A year ago, when Cristobal left his position as offensive-line coach at the University of Miami for his first head-coaching job, he inherited a program in shambles. In the six years since the program was founded, recruiting had dropped off considerably. Discipline was nearly non-existent. Located in the heart of one of the most storied college football states in history, FIU had a program best known for its role in a 2006 brawl with the University of Miami that left 31 players (18 from FIU) suspended and tarnished the images of both schools.

Cristobal looked at all this – the down-trodden program, the lack of development, the grim outlook – rolled up his sleeves and went to work.

This was not exactly a new venture for Cristobal. He was part of a turn-around project at Rutgers that has seen the program develop a national reputation under head coach Greg Schiano. There, members of the coaching staff had run into some of the same problems from the outset. And there they had been able to overcome them.

In addition to the daily class and etiquette requirements, Cristobal instituted what he believes to be the first strength-and-conditioning program in the program’s seven-year history. He went after the big-time recruits, too, no matter that Miami or West Virginia was also in the mix. And sometimes he got them.

Most importantly, he instilled a discipline never before seen at Florida International.

“I think they were there before,” quarterback Wayne Younger says of rules that existed before Cristobal’s arrival. “It’s just that nobody really followed them.”

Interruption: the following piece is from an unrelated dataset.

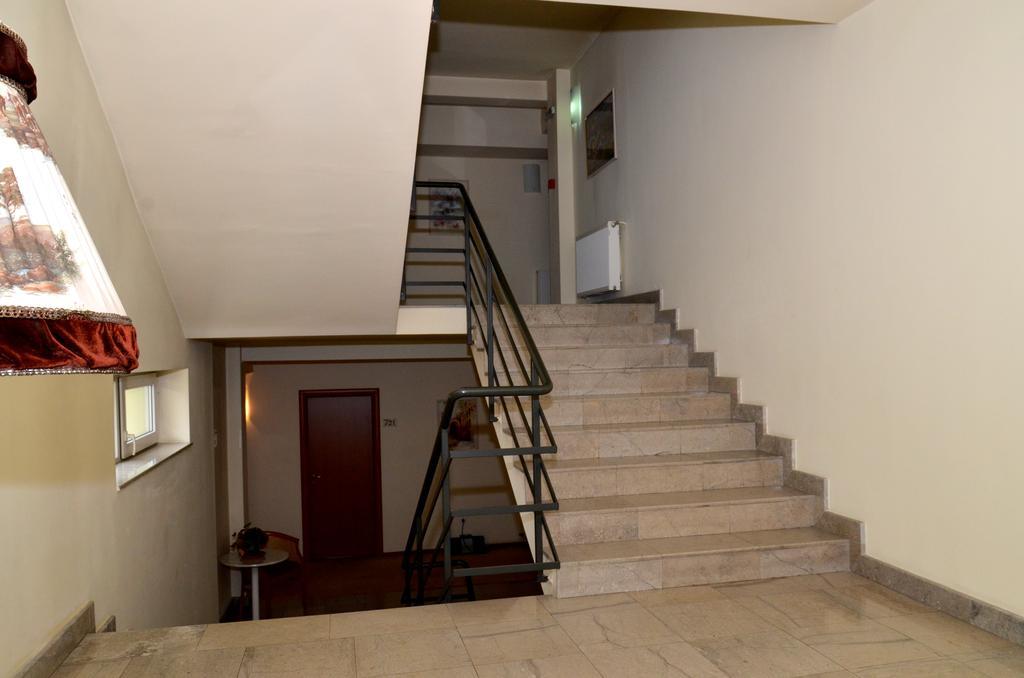 קלוז'-נאפוקה Hotel Seven מראה חיצוני תמונה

Says linebacker Scott Bryant, “Anytime a new coach comes in, you want to up the ante; you want to impress the new coach. But coach Cristobal, you gotta do a lot to impress him. You gotta push yourself to the limit.”

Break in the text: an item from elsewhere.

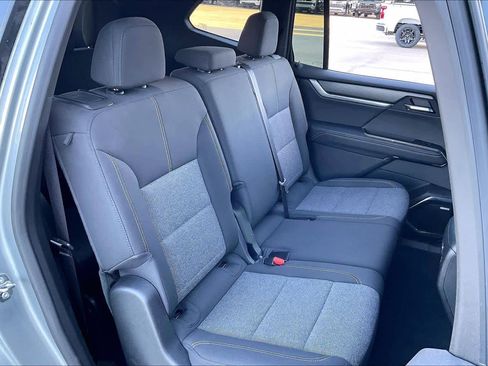 Certified 2025 GMC Acadia Elevation image 19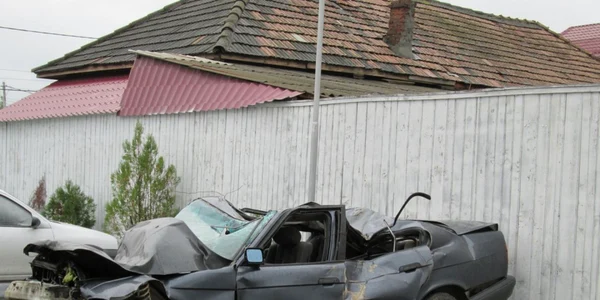 17 % din accidentele rutiere de pe şoselele din Vâlcea s-au produs din cauza unor tineri teribiliştii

The coach also stayed positive, even in the middle of last year’s struggles – even as his team was getting routed 59-0 by Penn State and 47-6 by Middle Tennessee and 58-10 by Arkansas, finishing 1-11 overall. He took solace in the small signs of improvement; things that most likely went unnoticed by the great majority of the college football world were not lost on him.

Over the Golden Panthers’ final six games of the 2007 season, for instance, they scored 137 points and averaged 327.7 yards per game (compared to 44 points and 211.7 yards during the first six). Their victory over North Texas in the season finale, meanwhile, snapped a 23-game losing streak, the longest in the nation. And as the year played out, he noticed something else: Despite all the losses, players’ effort didn’t waver.

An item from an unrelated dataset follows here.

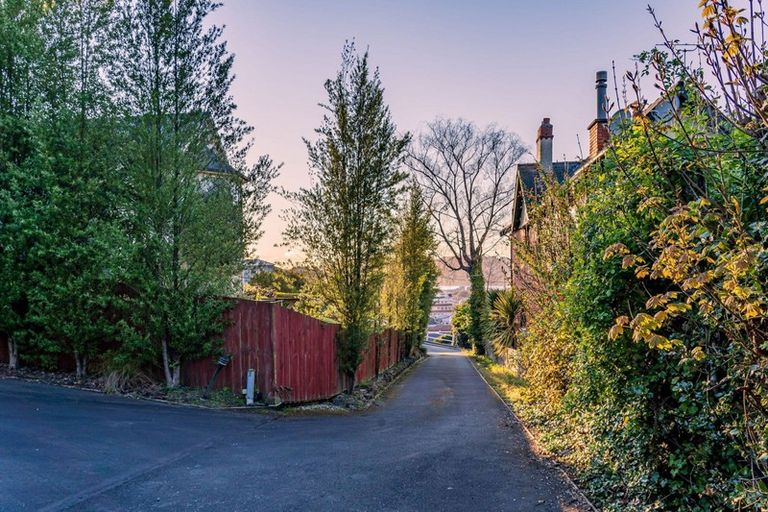 Photo of property in 4 Heriot Row, Dunedin Central, Dunedin, 9016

“As the year went on, we got closer and closer to victory,” Cristobal said. “You know, halftime blowouts became third-quarter games, became fourth-quarter games, became down-to-the-final-seconds games. Until at the end, we finally popped out a victory.”

“I can honestly say,” he added, “that with the excitement around here, and the work that’s going on around here, it’s only a matter of time before we have a championship down here.”

This, of course, is what coaches are supposed to say in the days leading up to the start of the season. They talk about the great practices and great chemistry and tell you, with conviction, that they think their team has the ability to do some very good things this year.

Entering today’s game, however, this FIU team is by no means a finished product.

As of Wednesday afternoon, Cristobal still hadn’t announced whether Younger or Paul McCall – who replaced Younger late last season and led the Golden Panthers to their only victory – will be starting at quarterback this weekend. A Sports Illustrated poll rated them as the second-worst Div. I team in the country. And in their first four games of the season, the Golden Panthers will take on two ranked teams in Kansas and South Florida, along with Iowa and Toledo. There is no grace period, no backing into a season like the proven programs are able to do.

Still, on the eve of 2008, Cristobal does not seem overly concerned with any of these things. He uses words like “championship” when talking about his team. He believes, he says, that it’s only a matter of time before FIU becomes a household name.

He’s excited.

“Right now is an awesome time,” he says. “It really is. And that’s the beautiful thing about football. In college football, between recruiting and spring football and evaluation periods, you have about five season within a season. But this is a season. This is what this country loves, man, and this is what we live and die for on a daily basis.”